[ovs-dev] [PATCH 05/12] dpif-netdev: Clear flow batches inside packet_batch_execute.

Fischetti, Antonio antonio.fischetti at intel.com
Tue Oct 11 16:14:03 UTC 2016


Thanks Daniele for all your explanations.
Instead of the proposed changes, is it worth to add a comment to the code just to explain why that loop is needed? This way we will avoid other people attempting to make the same change in the future.
Could be something like:

+    /* All the flow batches need to be reset before any call to 
+    packet_batch_per_flow_execute() as it could potentially 
+    trigger recirculation.
+    When a packet matching flow ‘j’ happens to be recirculated, 
+    the nested call to dp_netdev_input__() could potentially 
+    classify the packet as matching another flow - say 'k'.
+    It could happen that in the previous call to dp_netdev_input__()
+    that same flow 'k' had already its own batches[k] still waiting
+    to be served.  So if its ‘batch’ member is not reset, the
+    recirculated packet would be wrongly appended to batches[k]
+    of the 1st call to dp_netdev_input__(). */
     for (i = 0; i < n_batches; i++) {
         batches[i].flow->batch = NULL;
     }


From: Daniele Di Proietto [mailto:diproiettod at ovn.org] 
Sent: Monday, October 10, 2016 1:31 AM
To: Fischetti, Antonio <antonio.fischetti at intel.com>
Cc: Jarno Rajahalme <jarno at ovn.org>; dev at openvswitch.org
Subject: Re: [ovs-dev] [PATCH 05/12] dpif-netdev: Clear flow batches inside packet_batch_execute.

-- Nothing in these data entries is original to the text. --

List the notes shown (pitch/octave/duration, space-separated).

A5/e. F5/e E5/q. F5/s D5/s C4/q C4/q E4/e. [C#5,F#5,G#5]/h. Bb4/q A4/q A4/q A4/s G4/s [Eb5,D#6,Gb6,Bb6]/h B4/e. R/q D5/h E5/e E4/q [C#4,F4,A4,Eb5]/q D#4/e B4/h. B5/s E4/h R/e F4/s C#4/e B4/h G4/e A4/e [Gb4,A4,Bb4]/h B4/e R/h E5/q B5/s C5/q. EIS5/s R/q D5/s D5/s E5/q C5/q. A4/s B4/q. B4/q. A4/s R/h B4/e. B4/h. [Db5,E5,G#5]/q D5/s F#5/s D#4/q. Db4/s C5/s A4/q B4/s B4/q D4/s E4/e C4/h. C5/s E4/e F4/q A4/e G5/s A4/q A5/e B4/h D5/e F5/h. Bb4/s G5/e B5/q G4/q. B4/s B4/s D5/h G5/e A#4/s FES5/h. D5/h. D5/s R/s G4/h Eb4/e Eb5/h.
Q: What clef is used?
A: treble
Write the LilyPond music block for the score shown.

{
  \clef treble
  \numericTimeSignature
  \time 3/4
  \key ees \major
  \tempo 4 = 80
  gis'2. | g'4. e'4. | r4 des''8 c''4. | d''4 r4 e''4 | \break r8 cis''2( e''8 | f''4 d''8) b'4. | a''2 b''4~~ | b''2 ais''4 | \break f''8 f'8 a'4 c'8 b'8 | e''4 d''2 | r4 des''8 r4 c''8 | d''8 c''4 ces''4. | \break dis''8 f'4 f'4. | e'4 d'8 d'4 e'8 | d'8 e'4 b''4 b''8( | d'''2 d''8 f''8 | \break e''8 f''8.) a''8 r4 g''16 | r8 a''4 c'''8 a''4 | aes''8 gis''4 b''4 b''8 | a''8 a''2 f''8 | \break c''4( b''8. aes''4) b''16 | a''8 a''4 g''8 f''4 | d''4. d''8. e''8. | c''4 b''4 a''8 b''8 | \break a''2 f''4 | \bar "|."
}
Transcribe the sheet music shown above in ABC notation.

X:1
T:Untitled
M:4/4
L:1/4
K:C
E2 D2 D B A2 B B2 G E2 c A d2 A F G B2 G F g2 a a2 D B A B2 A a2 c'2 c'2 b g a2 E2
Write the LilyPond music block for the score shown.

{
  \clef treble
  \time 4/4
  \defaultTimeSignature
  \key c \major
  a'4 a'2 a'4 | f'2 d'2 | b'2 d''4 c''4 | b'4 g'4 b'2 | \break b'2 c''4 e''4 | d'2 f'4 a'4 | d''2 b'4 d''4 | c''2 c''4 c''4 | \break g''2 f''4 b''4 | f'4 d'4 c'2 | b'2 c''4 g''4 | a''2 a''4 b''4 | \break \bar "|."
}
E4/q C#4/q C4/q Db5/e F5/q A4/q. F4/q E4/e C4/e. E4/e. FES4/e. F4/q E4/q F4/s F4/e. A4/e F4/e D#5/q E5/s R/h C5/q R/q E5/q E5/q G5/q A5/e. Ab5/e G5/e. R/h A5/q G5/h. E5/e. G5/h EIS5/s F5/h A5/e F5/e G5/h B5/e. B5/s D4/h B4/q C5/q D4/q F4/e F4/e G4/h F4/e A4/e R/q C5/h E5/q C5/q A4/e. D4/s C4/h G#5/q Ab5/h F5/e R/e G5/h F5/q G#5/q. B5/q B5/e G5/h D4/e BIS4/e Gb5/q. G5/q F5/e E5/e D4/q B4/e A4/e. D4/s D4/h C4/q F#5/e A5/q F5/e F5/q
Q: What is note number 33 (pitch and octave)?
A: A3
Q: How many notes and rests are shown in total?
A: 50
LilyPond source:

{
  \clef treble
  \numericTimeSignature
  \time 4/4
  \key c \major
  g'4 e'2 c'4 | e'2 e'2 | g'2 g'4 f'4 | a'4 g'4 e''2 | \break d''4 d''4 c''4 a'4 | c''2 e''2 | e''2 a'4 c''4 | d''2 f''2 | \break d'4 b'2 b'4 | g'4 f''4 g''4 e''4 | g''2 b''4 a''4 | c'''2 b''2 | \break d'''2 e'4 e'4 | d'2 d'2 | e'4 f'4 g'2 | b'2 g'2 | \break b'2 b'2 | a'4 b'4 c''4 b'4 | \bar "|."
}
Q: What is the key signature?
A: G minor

2016-10-09 0:54 GMT-07:00 Fischetti, Antonio <antonio.fischetti at intel.com>:
Thanks Daniele,
in this patch we moved the reset of batches[i].flow->batch
from dp_netdev_input__() into packet_batch_per_flow_execute().
So before calling dp_netdev_execute_actions() the flow->batch is already NULL.

batches[0]->flow->batch is already NULL, but batches[1]->flow->batch is not NULL with this patch.  The lookup after recirculation could find batches[1]->flow

I think this should prevent recirculation, or am I missing some detail?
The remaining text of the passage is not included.